More on What’s a Divisible Statute Under Descamps
BLOG BULLETS:
- Remember that just a listing of alternatives isn’t what makes a statute “divisible” under Descamps.
- The list has to be a list of alternative elements that creates different offenses, not a list of alternative means of committing a single offense.
- A recent Fourth Circuit case affirmed this reading ofDescamps.
NOW THE BLOG:
In a post I put up three months after Descamps v. United States, 133 S. Ct. 2276 (2013), came out, I made the point that a statute isn’t “divisible” under Descamps just because it lists a number of alternatives separated by the word “or.” (See “More on Descamps” in the September 2013 link at the right.) I pointed out language in Descamps that suggests the need to inquire into whether the list is a list of “alternative elements,” which “effectively creates ‘several different crimes,’” Descamps, 133 S. Ct. at 2285 (quoting Nijhawan v. Holder, 557 U.S. 29, 41 (2009)), or whether the list is instead a list of “alternative means” of committing a single crime. I also pointed out a footnote addressing – and accepting – the dissent’s concern that statutes listing mere alternative means would not be treated as divisible. The conclusion that follows from this language and analysis is that a statute isn’t divisible simply because it lists alternatives. The list has to be a list of alternative elements creating separate crimes, not just a list of alternative means of committing a single crime.
A recent Fourth Circuit case that got discussed in a presentation by local DFPD’s Jim Locklin and Kurt Mayer at our recent CJA appellate panel training confirms this reading of Descamps. The case is United States v. Royal, 731 F.3d 333 (4th Cir. 2013). The statute before the court in that case was a Maryland battery statute that case law held could be satisfied by either “offensive physical contact,” which would not qualify as a “violent felony” under the Armed Career Criminal Act, see Johnson v. United States, 559 U.S. 133 (2010), or infliction of “physical harm,” which would qualify as a “violent felony” under the Armed Career Criminal Act.

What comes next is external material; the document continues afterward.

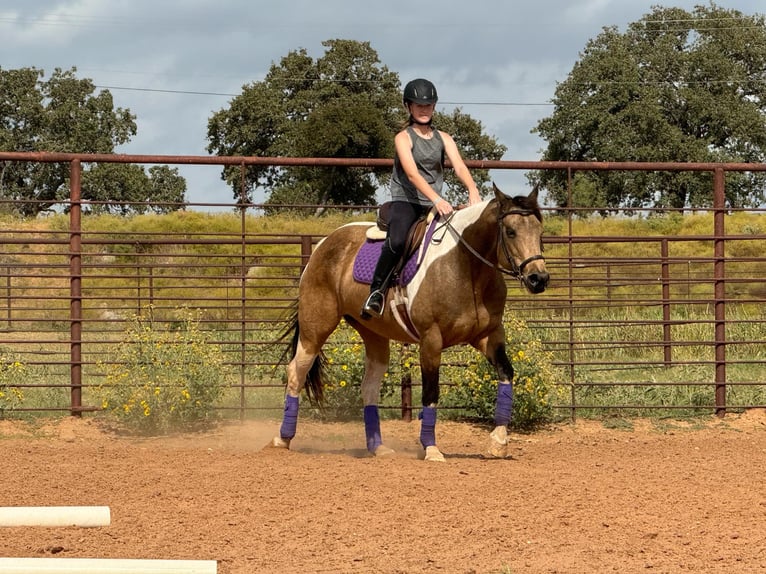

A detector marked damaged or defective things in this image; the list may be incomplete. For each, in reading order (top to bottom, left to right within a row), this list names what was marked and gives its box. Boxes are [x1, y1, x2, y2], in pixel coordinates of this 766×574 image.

rusty metal fence [0, 152, 764, 424]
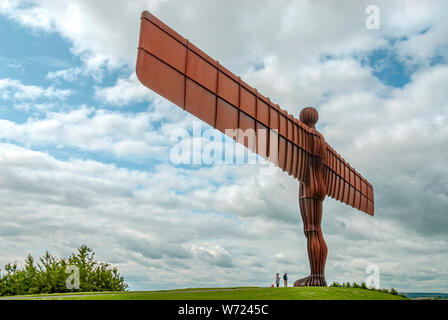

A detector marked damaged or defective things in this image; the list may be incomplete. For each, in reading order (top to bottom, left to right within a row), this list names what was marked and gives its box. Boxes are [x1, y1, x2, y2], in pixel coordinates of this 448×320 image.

rusty steel wing [136, 10, 374, 215]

Royal, 731 F.3d at 341.
The court held that the mere fact that there were two alternatives was not enough to make the statute divisible, however. What mattered beyond this was whether the alternatives were alternative “elements” or alternative “means.” The court looked to how the Maryland courts treated the offense and noted that jurors were not even required to unanimously agree on which of the two alternatives had been proven. The court concluded:
Rather than alternative elements, then, “offensive physical contact” and “physical harm” are merely alternative means of satisfying a single element of the Maryland offense. Consequently, because “[t]he dispute here does not concern any list of alternative elements,” the modified [categorical] approach “has no role to play.” Descamps, 133 S. Ct. at 2285.
Royal, 731 F.3d at 341 (emphasis in original).